A Tender Foodie F/F Manga: She Loves to Cook, She Loves to Eat by Sakaomi Yuzaki

the cover of She Loves to Cook, and She Loves to Eat by Yuzaki Sakaomi

Amazon Affiliate Link | Bookshop.org Affiliate Link

They say the quickest way to a man’s heart is through his stomach, but in Sakaomi Yuzaki’s latest manga, that proves just as true for women.

She Loves to Cook, She Loves to Eat is a lovely, heartwarming story about two neighbors who bond over a shared love of food. Nomoto, an office worker with a passion for cooking and no one to finish off the epically-sized dishes she dreams of making, finally meets her match in Kasuga, her very tall, very reserved neighbor with a very, very large appetite—an appetite perfectly suited to dishes containing, say, eight eggs and over three pounds of rice.

The dialogues flow naturally in this excellent translation by Phil Christie, as does the character growth. While the two initially get off on a slightly awkward foot, a series of shared dinners slowly bring them closer together.

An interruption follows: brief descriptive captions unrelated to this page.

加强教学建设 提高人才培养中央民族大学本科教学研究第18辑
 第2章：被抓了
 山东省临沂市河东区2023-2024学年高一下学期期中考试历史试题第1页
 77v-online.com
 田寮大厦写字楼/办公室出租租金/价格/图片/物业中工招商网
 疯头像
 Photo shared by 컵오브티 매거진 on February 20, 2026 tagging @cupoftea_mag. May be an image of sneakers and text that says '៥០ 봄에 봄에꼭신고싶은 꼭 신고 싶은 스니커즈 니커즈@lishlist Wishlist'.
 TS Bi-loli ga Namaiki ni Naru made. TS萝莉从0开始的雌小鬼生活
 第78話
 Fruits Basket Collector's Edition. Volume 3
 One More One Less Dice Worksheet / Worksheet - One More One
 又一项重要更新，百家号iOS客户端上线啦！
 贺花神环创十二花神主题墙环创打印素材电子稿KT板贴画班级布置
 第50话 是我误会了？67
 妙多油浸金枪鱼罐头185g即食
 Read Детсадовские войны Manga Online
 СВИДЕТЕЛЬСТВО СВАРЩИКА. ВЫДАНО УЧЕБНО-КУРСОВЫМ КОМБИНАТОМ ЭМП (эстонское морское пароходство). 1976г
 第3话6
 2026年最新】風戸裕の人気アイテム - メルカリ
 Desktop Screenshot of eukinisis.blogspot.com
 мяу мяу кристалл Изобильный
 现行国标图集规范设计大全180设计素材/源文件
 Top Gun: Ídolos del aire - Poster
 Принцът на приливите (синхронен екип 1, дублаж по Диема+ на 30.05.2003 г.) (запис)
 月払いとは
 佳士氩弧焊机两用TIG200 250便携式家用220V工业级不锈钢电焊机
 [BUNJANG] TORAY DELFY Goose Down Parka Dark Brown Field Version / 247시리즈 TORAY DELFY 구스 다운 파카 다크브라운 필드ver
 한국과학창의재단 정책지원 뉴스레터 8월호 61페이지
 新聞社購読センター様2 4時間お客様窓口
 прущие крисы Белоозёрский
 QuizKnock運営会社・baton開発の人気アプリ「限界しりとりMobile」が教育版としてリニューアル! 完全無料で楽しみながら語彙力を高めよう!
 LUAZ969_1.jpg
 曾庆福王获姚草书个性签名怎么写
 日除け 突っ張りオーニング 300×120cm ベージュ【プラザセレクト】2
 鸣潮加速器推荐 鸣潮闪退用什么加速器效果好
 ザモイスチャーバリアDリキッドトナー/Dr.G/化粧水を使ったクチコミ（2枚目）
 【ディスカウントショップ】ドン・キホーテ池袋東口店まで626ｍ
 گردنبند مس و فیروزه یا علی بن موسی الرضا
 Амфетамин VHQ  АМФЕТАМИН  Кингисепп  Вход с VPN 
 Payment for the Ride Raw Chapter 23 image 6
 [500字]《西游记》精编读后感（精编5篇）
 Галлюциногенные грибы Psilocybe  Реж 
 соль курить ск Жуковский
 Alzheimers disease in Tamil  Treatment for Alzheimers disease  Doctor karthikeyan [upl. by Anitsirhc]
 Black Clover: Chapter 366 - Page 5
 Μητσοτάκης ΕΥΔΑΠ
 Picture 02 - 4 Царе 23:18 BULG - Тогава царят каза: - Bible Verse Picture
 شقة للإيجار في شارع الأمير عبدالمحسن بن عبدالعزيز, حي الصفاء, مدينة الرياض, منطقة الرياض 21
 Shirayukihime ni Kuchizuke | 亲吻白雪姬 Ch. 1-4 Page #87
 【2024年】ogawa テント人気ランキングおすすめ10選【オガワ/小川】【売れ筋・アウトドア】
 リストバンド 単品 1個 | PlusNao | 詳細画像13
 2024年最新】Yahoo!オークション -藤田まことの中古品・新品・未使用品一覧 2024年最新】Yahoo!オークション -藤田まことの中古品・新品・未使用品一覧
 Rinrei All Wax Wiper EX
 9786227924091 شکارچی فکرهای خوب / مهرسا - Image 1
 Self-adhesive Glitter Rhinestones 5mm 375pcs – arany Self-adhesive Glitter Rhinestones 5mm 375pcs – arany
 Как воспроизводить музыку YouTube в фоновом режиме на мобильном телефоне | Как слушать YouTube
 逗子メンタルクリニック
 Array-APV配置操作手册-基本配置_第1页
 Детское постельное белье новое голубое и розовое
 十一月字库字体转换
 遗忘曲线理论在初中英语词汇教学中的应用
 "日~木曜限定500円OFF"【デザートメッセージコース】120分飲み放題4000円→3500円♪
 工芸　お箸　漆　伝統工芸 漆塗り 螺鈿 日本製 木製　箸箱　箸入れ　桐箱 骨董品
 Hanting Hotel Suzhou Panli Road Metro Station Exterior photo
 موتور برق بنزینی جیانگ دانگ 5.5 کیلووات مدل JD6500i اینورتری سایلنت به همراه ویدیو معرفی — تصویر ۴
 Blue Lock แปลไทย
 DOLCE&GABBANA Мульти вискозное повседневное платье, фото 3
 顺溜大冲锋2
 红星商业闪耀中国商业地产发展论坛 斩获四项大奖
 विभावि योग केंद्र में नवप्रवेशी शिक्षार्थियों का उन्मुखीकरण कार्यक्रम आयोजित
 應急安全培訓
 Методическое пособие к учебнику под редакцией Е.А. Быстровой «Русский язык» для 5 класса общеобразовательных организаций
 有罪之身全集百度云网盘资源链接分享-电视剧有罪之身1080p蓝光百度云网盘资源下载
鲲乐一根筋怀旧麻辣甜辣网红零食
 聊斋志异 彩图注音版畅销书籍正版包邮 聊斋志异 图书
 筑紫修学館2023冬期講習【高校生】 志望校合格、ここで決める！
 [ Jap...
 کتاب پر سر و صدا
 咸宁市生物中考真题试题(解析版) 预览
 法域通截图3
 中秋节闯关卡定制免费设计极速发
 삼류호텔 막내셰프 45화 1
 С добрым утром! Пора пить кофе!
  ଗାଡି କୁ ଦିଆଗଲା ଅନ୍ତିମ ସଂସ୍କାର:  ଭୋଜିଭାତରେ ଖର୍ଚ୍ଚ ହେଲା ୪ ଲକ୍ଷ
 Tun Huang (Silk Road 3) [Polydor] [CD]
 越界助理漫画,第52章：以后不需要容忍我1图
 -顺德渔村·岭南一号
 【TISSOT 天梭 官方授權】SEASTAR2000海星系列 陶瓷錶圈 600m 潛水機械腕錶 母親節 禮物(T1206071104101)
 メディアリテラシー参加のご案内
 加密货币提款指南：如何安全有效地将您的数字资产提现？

But what starts as mutual appreciation is beginning to show signs of developing into something deeper in these first two volumes. Between bashful daydreams, thoughtful gestures, and small steps outside of their respective comfort zones, the two women find themselves wanting to spend more time with each other. And more time looking at each other.

And as their feelings become more and more obvious, it shows clear as day on the page. Blush-lines and all.

a manga panel showing Nomoto and Kasuga eating together. Nomoto is looking at Kasuga and smiling with faint blush lines over her cheek and nose

Tell me this isn’t the face of a woman in love.

The slow simmering of the romance is poised to make it all the more satisfying. This is such a perfect comfort read—clever, funny, sincere and so full of love. The second volume has a bit about the cultural meanings of take-out boxes that had me in stitches.

The focus on food includes some truly delicious descriptions and illustrations, so I’d recommend reading this either on a full stomach or with some savories handy. For example, crab cakes and spicy peanut sauce (which is what I got up to make halfway through volume one!) or popcorn with melted cheese and sun-dried tomato pieces (the accompaniment to volume two).

If you prefer Japanese food inspired by the story, there are also recipes at the back of the books, so you can open to the last page and prepare something ahead of time…

the cover of She Loves to Cook, She Loves to Eat Vol 2

Fans of Doughnuts Under a Crescent Moon and that soft, low-stakes romance-with-a-side-of-social-commentary centering two working women will find a similar slow-burn story here, albeit with more overt observations on gender roles and norms in modern Japan. It doesn’t shy away from nuisances like marriage pressure, misogyny and uncalled-for assumptions, but it does not let them take center stage, either. Unless it’s to gently, elegantly skewer them.

Whether portion sizes, passion or paychecks, the women are constantly expected to make do with less. But these diminishing encounters are subtly contrasted with the genuine appreciation, acceptance and admiration that Nomoto and Kasuga’s budding relationship is based on.

a panel showing Kasuga saying, "Speaking up sometimes makes a difference."

They really do care for each other so much and it’s so lovely to read. There are so many warm fuzzies, but it’s the grounded sort of tenderness that comes with age. I was smiling so much at the little kindnesses and considerations they had. It’s such a healthy relationship that never loses its sense of humor.

I mean, no one says that the quickest way to a woman’s heart is through her period cravings, but the author certainly understands!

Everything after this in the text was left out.